Schools monitor employee use of work-issued computers for a variety of reasons: protecting confidential information, preventing improper use of equipment and software, investigating complaints of discrimination and/or harassment, and establishing just cause. School boards, and other employers, have typically relied on ownership of property and workplace computer policies to defend against employee claims of privacy rights. In a decision released on October 19, 2012, the Supreme Court of Canada considered a teacher's reasonable expectation of privacy in light of not only ownership and workplace policies, but also in the context of permitted or condoned personal use of a school-issued laptop computer.

In R. v. Cole, the Supreme Court of Canada extended the principle that Canadians may reasonably expect privacy in the information contained on their personal computers to work computers, if personal use is permitted or reasonably expected.1 Although the Court said it would "leave for another day the finer points of an employer's right to monitor computers issued to employees"2, the decision is clearly significant to employers across Canada, including school boards and independent schools.

In respect of personal information stored on work-issued computers, the Court said that ownership of property and workplace policies can only "diminish an individual's expectation of privacy in a work computer."3 These factors do not, in themselves, remove the expectation entirely, and are not determinative. The Court considered the context in which personal information is placed on an employer-owned computer to be significant. The "operational realities" of a workplace, such as policies, practices and customs, may diminish an employee's expectation of privacy in personal information.4


The respondent, Cole, who was a teacher with the school board, was issued a laptop computer by the board. Cole was permitted to use the laptop for work-related purposes and incidental personal purposes. Cole's personal use included internet browsing and storing personal information. The school board's information technology policy stipulated that e-mails remained private, but could be accessed by school administrators under certain conditions. The policy stated that "all data and messages" on the school board's equipment were considered to be the board's property.5

A school board technician was performing maintenance activities by remote access when he discovered a hidden folder of files on Cole's laptop. The folder contained explicit photographs of a female student at the school, which Cole had obtained by accessing a male student's networked laptop. The technician informed the school principal. The principal directed the technician to make copies of the photographs and internet browsing history onto a CD, which were provided to police along with Cole's laptop.
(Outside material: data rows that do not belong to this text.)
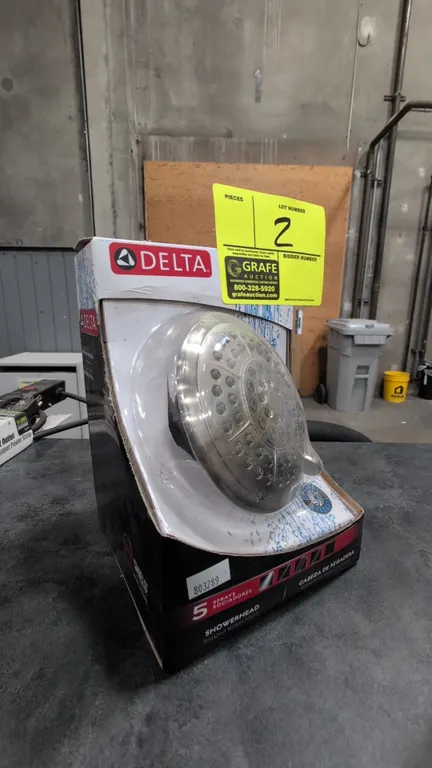 Delta 75554CS showerhead. Features a brushed nickel finish, 5 spray settings, and a maximum flow rate of 1.75 GPM at 80 PSI. WaterSense certified. In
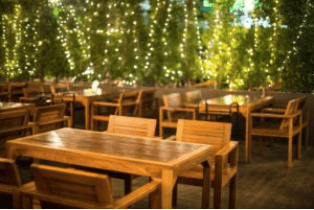 Dining tables at an outdoor restaurant 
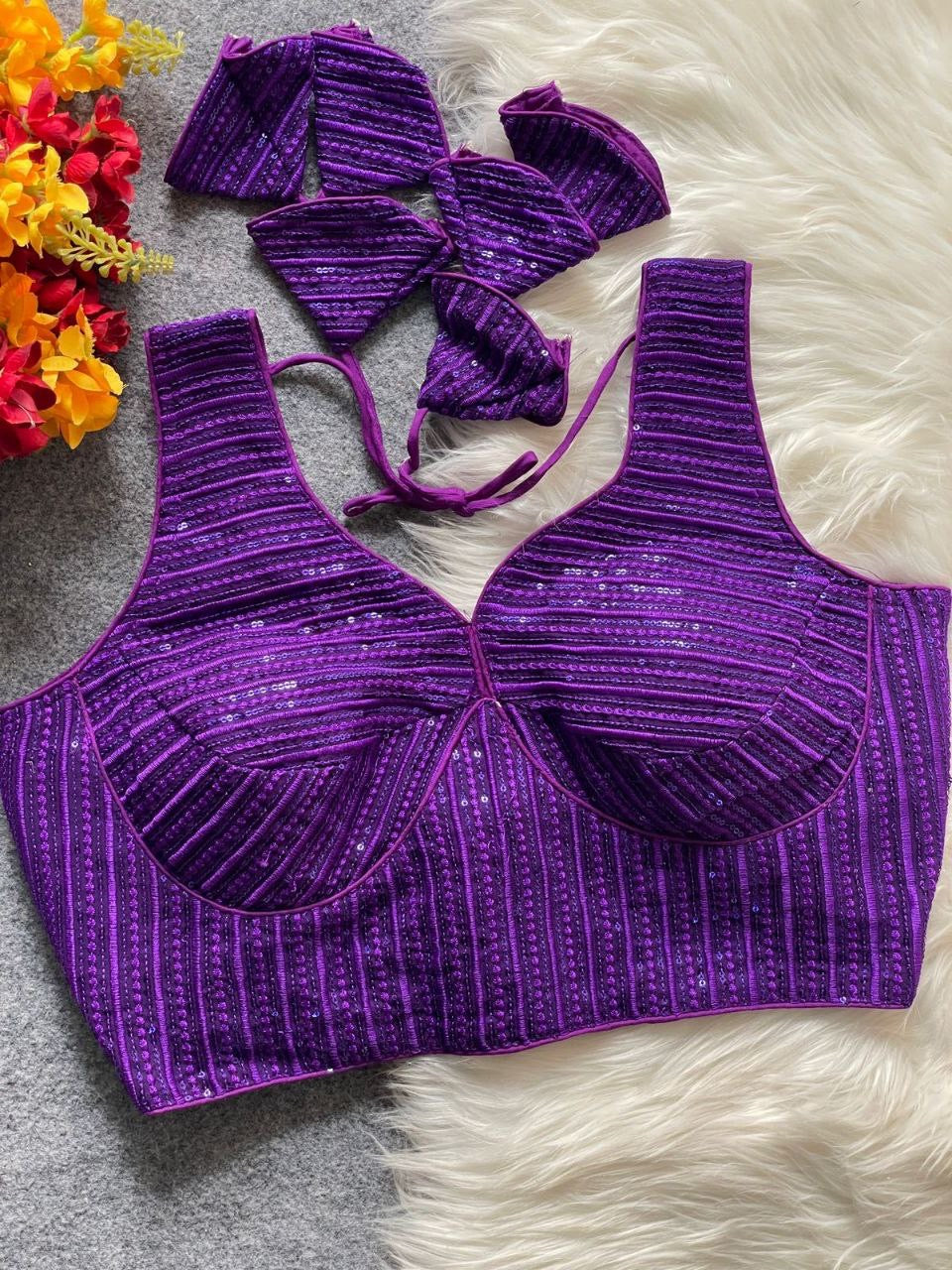 Bright red partywear readymade blouse by Laksharaa Sarees, featuring intricate embroidery and stylish design.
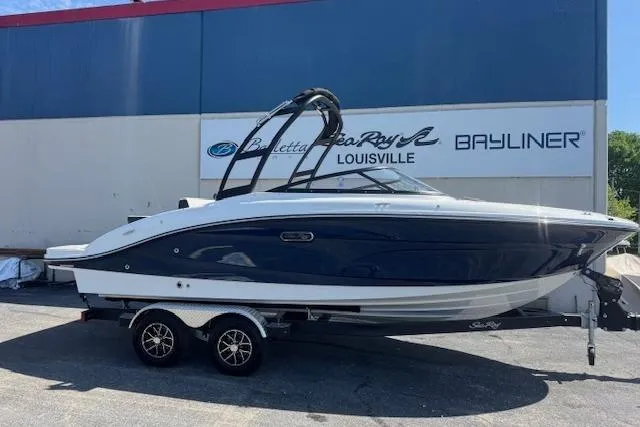 The Image of 2026 Sea Ray SPX 210 boat on trailer, parked outside dealership in Louisville. - 1
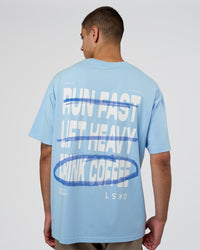 Man wearing Coffee Run FLXCotton Oversized Tee - Open Air-White | Model:Zoran | Size:M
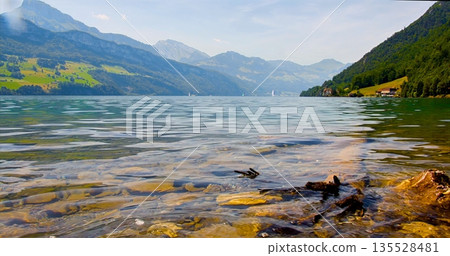 Tranquil Alpine Water Scene, Calm Reflective Lake With Lush Greenery And Distant Mountain Summits Tranquil Alpine Water Scene, Calm Reflective Lake With Lush Greenery And Distant Mountain Summits 135528481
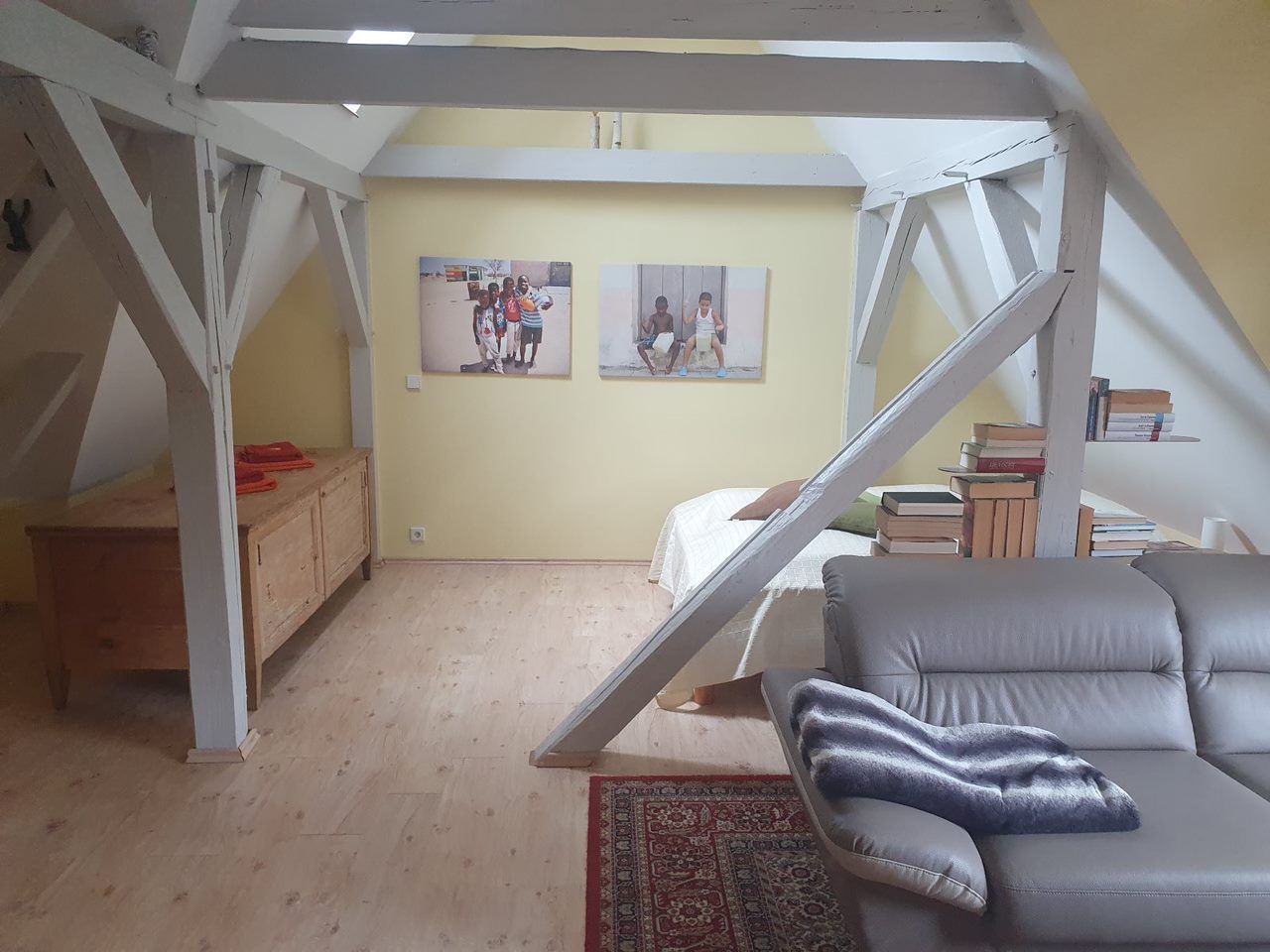 A loft bedroom with a sloped ceiling, a sofa, a bed, a wooden desk, and two framed photos on the wall.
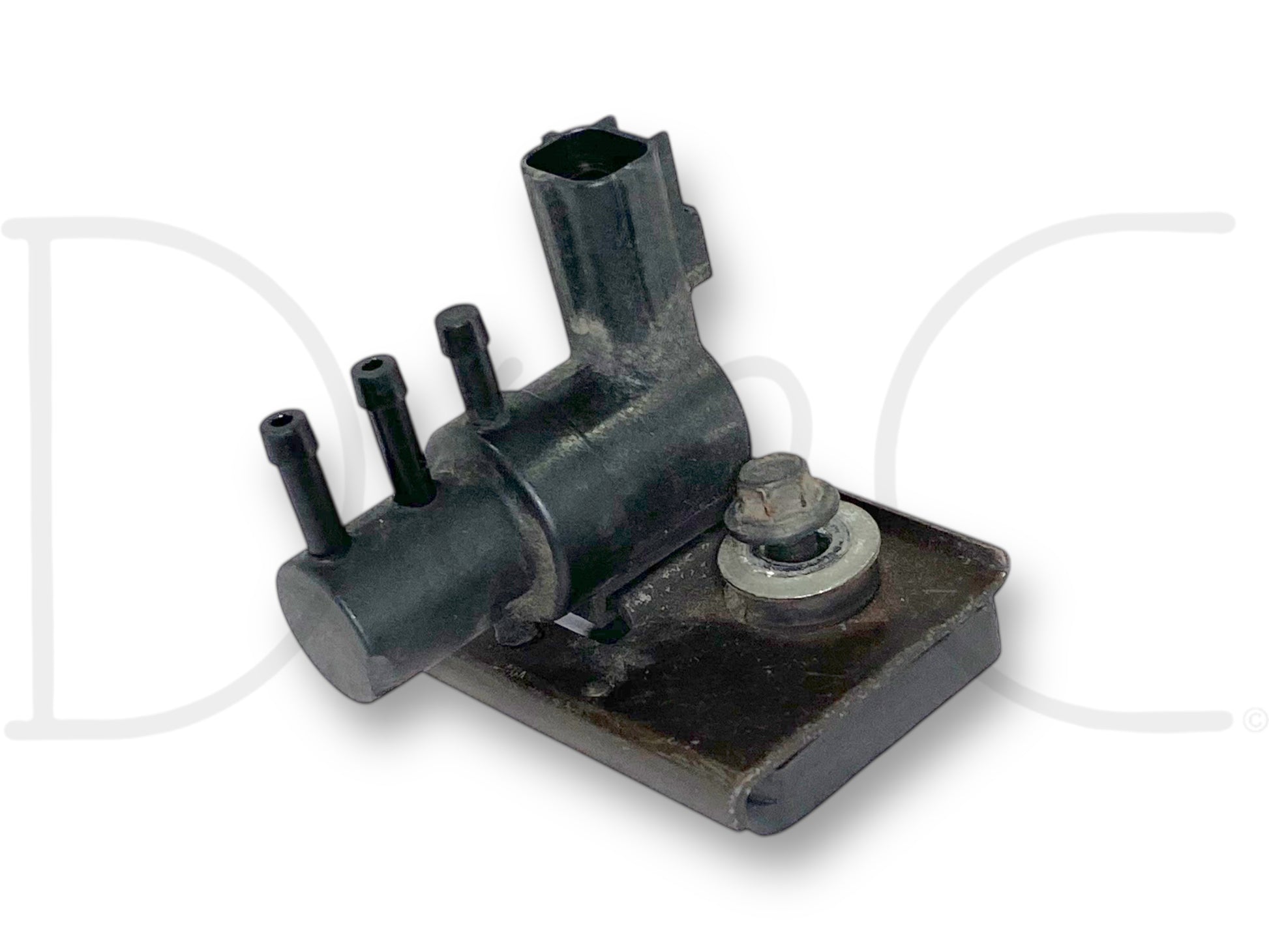 Used OE 99-02 Ford F250 F350 7.3 7.3L Diesel Turbo Boost Wastegate Solenoid with light wear, compatible with 1999-2002 F-250, F-350, F-450, and F-550 trucks, designed for turbo boost control in Ford Powerstroke diesel engines.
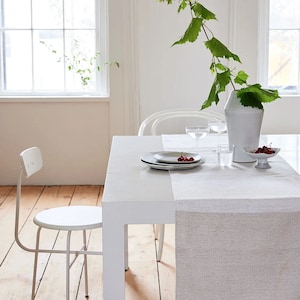 May include: A white dining table with a light gray runner is set with plates, cherries, and glassware. A white vase holds a green leafy branch. A white chair is positioned to the side. The room has a minimalist, modern aesthetic.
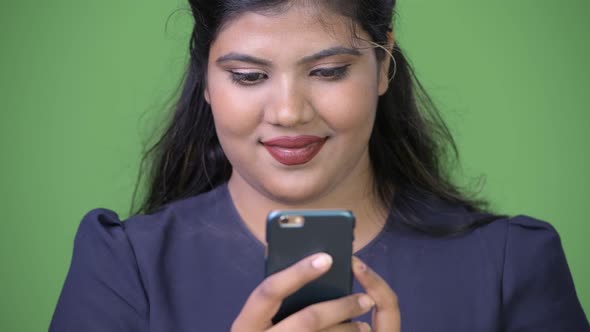 Young Overweight Beautiful Indian Businesswoman Against Green Background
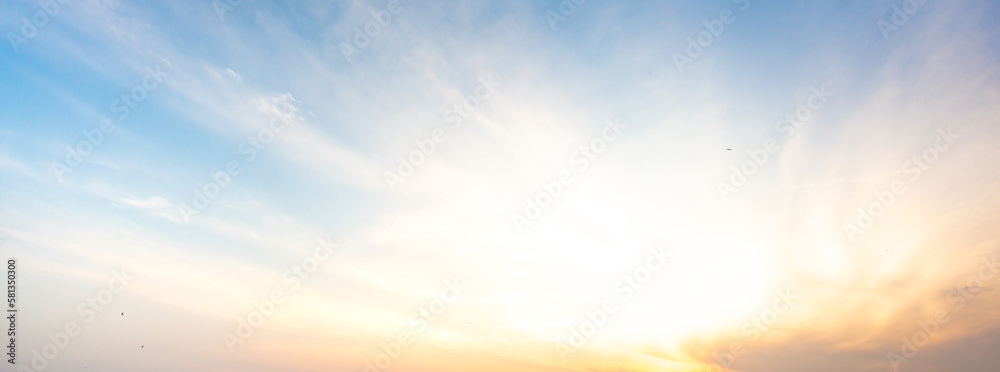 Fototapeta premium sky panorama Natural colors Evening sky Shine new day for Heaven,The light from heaven from the sky is a mystery, In twilight golden atmosphere,Modern sheet structure design New Year 2023 
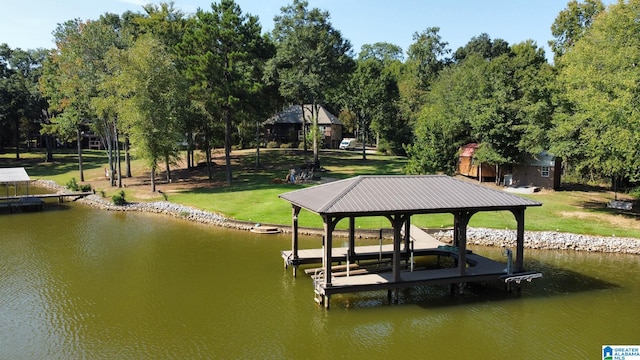 view of dock featuring a water view and a yard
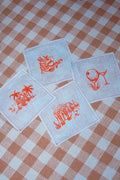 Clubhouse Cocktail Napkins, set of 4 in flax linen printed with yacht club scenes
The police conducted a search without obtaining a warrant, and subsequently charged Cole with possession of child pornography and unauthorized use of a computer. Whether to exclude the computer evidence pursuant to the Canadian Charter of Rights and Freedoms (the "Charter") in the context of Cole's criminal trial became the primary issue. Ultimately, the Supreme Court decided the police search violated section 8 of the Charter, but should not be excluded as evidence. A new trial was ordered.

The school board's decision to search Cole's computer and make copies of the information was found by the Supreme Court to be authorized by law and reasonable. The school board was seen to have acquired "lawful possession of the laptop for its own administrative purposes"6 and in accordance with its statutory obligations to maintain a safe school environment. The school board's decision to contact police was not criticized.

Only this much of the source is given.